* **What this task involves**: Reproduce all of the data, making sure that no line differs from the original.
[Opening Material for the task section]
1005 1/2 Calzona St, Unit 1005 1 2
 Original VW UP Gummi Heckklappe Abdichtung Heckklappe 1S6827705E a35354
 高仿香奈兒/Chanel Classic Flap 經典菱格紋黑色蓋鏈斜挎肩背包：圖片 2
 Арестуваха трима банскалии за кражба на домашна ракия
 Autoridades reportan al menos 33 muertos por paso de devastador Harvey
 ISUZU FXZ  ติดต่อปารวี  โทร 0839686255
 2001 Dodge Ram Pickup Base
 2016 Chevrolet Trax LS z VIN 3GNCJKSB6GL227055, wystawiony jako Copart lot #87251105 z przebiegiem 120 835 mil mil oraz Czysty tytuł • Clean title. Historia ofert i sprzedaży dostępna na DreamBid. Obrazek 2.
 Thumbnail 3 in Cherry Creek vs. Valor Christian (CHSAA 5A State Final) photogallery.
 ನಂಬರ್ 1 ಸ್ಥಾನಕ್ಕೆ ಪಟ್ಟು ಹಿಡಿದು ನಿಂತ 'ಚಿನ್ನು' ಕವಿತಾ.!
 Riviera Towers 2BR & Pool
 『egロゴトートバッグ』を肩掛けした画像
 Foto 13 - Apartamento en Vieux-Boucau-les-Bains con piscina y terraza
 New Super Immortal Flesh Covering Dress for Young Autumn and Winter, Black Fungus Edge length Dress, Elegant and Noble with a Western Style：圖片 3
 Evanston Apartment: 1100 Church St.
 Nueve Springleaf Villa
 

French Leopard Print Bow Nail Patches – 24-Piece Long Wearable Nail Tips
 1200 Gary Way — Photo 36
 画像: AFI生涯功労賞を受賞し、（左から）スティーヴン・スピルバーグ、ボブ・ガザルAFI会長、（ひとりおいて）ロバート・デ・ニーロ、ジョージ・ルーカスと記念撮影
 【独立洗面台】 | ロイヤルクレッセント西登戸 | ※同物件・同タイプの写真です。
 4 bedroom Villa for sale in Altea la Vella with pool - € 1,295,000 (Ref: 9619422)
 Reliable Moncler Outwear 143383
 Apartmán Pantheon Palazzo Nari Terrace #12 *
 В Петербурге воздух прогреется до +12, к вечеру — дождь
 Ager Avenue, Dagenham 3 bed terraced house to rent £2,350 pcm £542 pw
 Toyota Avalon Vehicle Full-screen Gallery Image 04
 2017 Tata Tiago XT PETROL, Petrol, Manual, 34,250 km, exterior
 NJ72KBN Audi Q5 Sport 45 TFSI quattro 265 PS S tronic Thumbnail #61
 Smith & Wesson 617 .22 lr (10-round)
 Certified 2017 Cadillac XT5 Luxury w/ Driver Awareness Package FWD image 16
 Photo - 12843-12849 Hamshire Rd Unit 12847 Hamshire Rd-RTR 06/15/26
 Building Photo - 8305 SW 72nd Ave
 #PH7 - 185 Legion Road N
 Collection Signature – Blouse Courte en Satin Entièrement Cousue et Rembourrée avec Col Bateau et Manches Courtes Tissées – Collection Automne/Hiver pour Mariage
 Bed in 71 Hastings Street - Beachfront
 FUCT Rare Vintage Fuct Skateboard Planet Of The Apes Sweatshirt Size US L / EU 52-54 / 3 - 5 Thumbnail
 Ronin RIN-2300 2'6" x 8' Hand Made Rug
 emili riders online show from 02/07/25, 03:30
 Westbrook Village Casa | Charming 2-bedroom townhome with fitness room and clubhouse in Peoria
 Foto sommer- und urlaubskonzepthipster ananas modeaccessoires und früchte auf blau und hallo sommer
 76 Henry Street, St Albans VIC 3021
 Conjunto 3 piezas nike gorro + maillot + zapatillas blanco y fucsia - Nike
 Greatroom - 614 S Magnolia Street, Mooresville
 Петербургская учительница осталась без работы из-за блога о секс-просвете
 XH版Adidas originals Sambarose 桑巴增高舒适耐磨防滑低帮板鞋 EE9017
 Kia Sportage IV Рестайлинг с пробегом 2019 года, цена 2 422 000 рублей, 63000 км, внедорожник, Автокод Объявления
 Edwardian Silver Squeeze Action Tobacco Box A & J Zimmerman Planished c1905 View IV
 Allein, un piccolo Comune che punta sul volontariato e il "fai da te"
[Closing Material for the task section]
* **Response**:
1005 1/2 Calzona St, Unit 1005 1 2
 Original VW UP Gummi Heckklappe Abdichtung Heckklappe 1S6827705E a35354
 高仿香奈兒/Chanel Classic Flap 經典菱格紋黑色蓋鏈斜挎肩背包：圖片 2
 Арестуваха трима банскалии за кражба на домашна ракия
 Autoridades reportan al menos 33 muertos por paso de devastador Harvey
 ISUZU FXZ  ติดต่อปารวี  โทร 0839686255
 2001 Dodge Ram Pickup Base
 2016 Chevrolet Trax LS z VIN 3GNCJKSB6GL227055, wystawiony jako Copart lot #87251105 z przebiegiem 120 835 mil mil oraz Czysty tytuł • Clean title. Historia ofert i sprzedaży dostępna na DreamBid. Obrazek 2.
 Thumbnail 3 in Cherry Creek vs. Valor Christian (CHSAA 5A State Final) photogallery.
 ನಂಬರ್ 1 ಸ್ಥಾನಕ್ಕೆ ಪಟ್ಟು ಹಿಡಿದು ನಿಂತ 'ಚಿನ್ನು' ಕವಿತಾ.!
 Riviera Towers 2BR & Pool
 『egロゴトートバッグ』を肩掛けした画像
 Foto 13 - Apartamento en Vieux-Boucau-les-Bains con piscina y terraza
 New Super Immortal Flesh Covering Dress for Young Autumn and Winter, Black Fungus Edge length Dress, Elegant and Noble with a Western Style：圖片 3
 Evanston Apartment: 1100 Church St.
 Nueve Springleaf Villa
 

French Leopard Print Bow Nail Patches – 24-Piece Long Wearable Nail Tips
 1200 Gary Way — Photo 36
 画像: AFI生涯功労賞を受賞し、（左から）スティーヴン・スピルバーグ、ボブ・ガザルAFI会長、（ひとりおいて）ロバート・デ・ニーロ、ジョージ・ルーカスと記念撮影
 【独立洗面台】 | ロイヤルクレッセント西登戸 | ※同物件・同タイプの写真です。
 4 bedroom Villa for sale in Altea la Vella with pool - € 1,295,000 (Ref: 9619422)
 Reliable Moncler Outwear 143383
 Apartmán Pantheon Palazzo Nari Terrace #12 *
 В Петербурге воздух прогреется до +12, к вечеру — дождь
 Ager Avenue, Dagenham 3 bed terraced house to rent £2,350 pcm £542 pw
 Toyota Avalon Vehicle Full-screen Gallery Image 04
 2017 Tata Tiago XT PETROL, Petrol, Manual, 34,250 km, exterior
 NJ72KBN Audi Q5 Sport 45 TFSI quattro 265 PS S tronic Thumbnail #61
 Smith & Wesson 617 .22 lr (10-round)
 Certified 2017 Cadillac XT5 Luxury w/ Driver Awareness Package FWD image 16
 Photo - 12843-12849 Hamshire Rd Unit 12847 Hamshire Rd-RTR 06/15/26
 Building Photo - 8305 SW 72nd Ave
 #PH7 - 185 Legion Road N
 Collection Signature – Blouse Courte en Satin Entièrement Cousue et Rembourrée avec Col Bateau et Manches Courtes Tissées – Collection Automne/Hiver pour Mariage
 Bed in 71 Hastings Street - Beachfront
 FUCT Rare Vintage Fuct Skateboard Planet Of The Apes Sweatshirt Size US L / EU 52-54 / 3 - 5 Thumbnail
 Ronin RIN-2300 2'6" x 8' Hand Made Rug
 emili riders online show from 02/07/25, 03:30
 Westbrook Village Casa | Charming 2-bedroom townhome with fitness room and clubhouse in Peoria
 Foto sommer- und urlaubskonzepthipster ananas modeaccessoires und früchte auf blau und hallo sommer
 76 Henry Street, St Albans VIC 3021
 Conjunto 3 piezas nike gorro + maillot + zapatillas blanco y fucsia - Nike
 Greatroom - 614 S Magnolia Street, Mooresville
 Петербургская учительница осталась без работы из-за блога о секс-просвете
 XH版Adidas originals Sambarose 桑巴增高舒适耐磨防滑低帮板鞋 EE9017
 Kia Sportage IV Рестайлинг с пробегом 2019 года, цена 2 422 000 рублей, 63000 км, внедорожник, Автокод Объявления
 Edwardian Silver Squeeze Action Tobacco Box A & J Zimmerman Planished c1905 View IV
 Allein, un piccolo Comune che punta sul volontariato e il "fai da te"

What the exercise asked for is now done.